Hair is organic, but less subject to corruption than all our organs; like a fossil, like a shell, it lasts…In spite of its fragility, lightness, even insubstantiality, hair is the part of our flesh nearest in kind to a carapace. Its mythic power, its centrality to body language, and its mulitplicity of meanings, derive from this dual character: on the one hand, hair is both the sign of the animal in the human, and all that means in terms of our tradition of associating the beast with the bestial… on the other hand, hair is also the least fleshly production of the flesh. In its suspended corruptibility, it seems to transcend the mortal condition, to be in full possession of the principle of vitality itself.2

In The Interpretation of Fairy Tales, Jungian analyst and scholar Marie-Louise von Franz says, hair is “a source of magic power or mana.” And the combing or shearing of hair can symbolize the ordering or smoothing of powerful, often chaotic unconscious elements. In her experience, analysands new to the experience often dream of wild hair as their instinctive selves are let out of the gate.3

Rapunzel’s hair is absurdly, miraculously long; her secret power has always been present, potent. Her captor makes use of it, but only up until the time when the girl’s potential for action is awakened.

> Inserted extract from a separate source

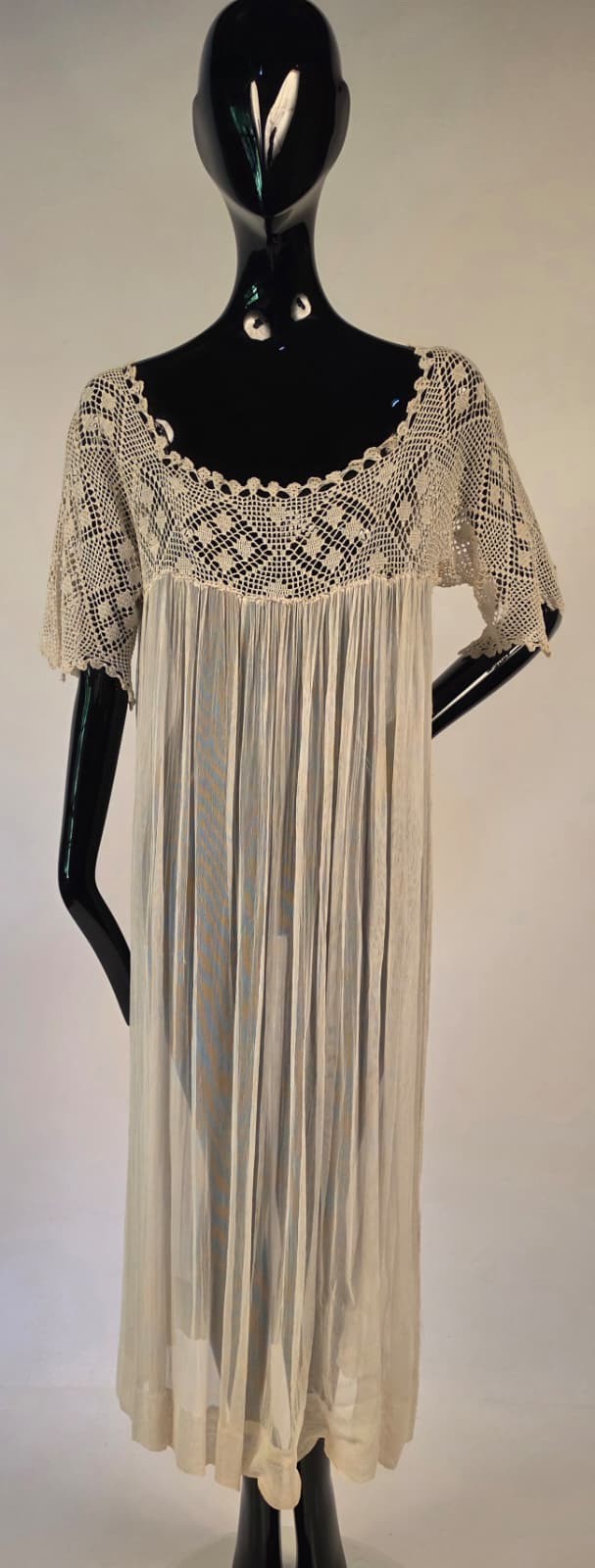 ROMANTIC EDWARDIAN DIAMOND FILET LACE DRESS W SOFTEST FINE TULLE NET 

In the tale, this occurs when a passing prince seeks her out. In the finer detail, it is Rapunzel’s actions that attract him in the first place. She rouses herself.

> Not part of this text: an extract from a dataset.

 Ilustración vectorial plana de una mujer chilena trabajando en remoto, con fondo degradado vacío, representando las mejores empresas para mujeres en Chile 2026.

In The Annotated Brothers Grimm, Maria Tatar notes: rapunzel is “…an autogamous plant, one that can fertilize itself. Furthermore, it has a column that splits in two if not fertilized, and ‘the halves will curl like braids or coils on a maiden’s head, and this will bring the female stigmatic tissue into contact with the male pollen on the exterior surface of the column.’”4

Even her name signifies her potential, the secret fire that eventually blazes a new life, on her terms.

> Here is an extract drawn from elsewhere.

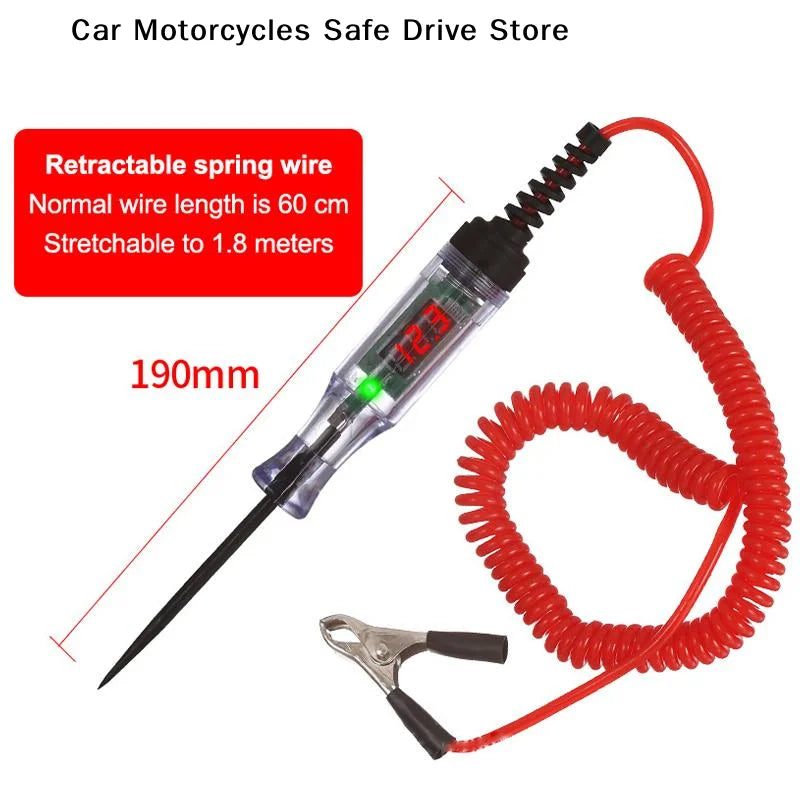 CM3V-120V Car Truck Voltage Circuit Tester Digital Display Long Probe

For further interest, a check of mythology and folklore reveals the following: hair can be 1) vitality (Samson), 2) transformation (Sif), 3) deadly power (Medusa), 4) life (Nisus, King of Megara), 5) sacrifice (Berenice and Ptolemy), 6) connection (calming the Inuit Sea Goddess Sedna by combing her hair), and 7) life-affirming power (Luthien, in a folktale created by J.R.R. Tolkien).5


Image Credit: Arthur Rackham [Public domain], via Wikimedia Commons

  1. Pinkola Estés, Clarissa. Women Who Run With the Wolves: Myths and Stories of the Wild Woman Archetype (New York: Ballantine Books, 1992), 9.
  2. Warner, Marina. From the Beast to the Blonde: On Fairy Tales and their Tellers (London: Random House, 1995), 372-373.
  3. von Franz, Marie-Louise. The Interpretation of Fairy Tales (Boston & London: Shambhala, 1996), 179-180.
  4. The Annotated Brothers Grimm. Tatar M, editor. New York (NY): W.W. Norton & Company, Inc. Rapunzel, 54.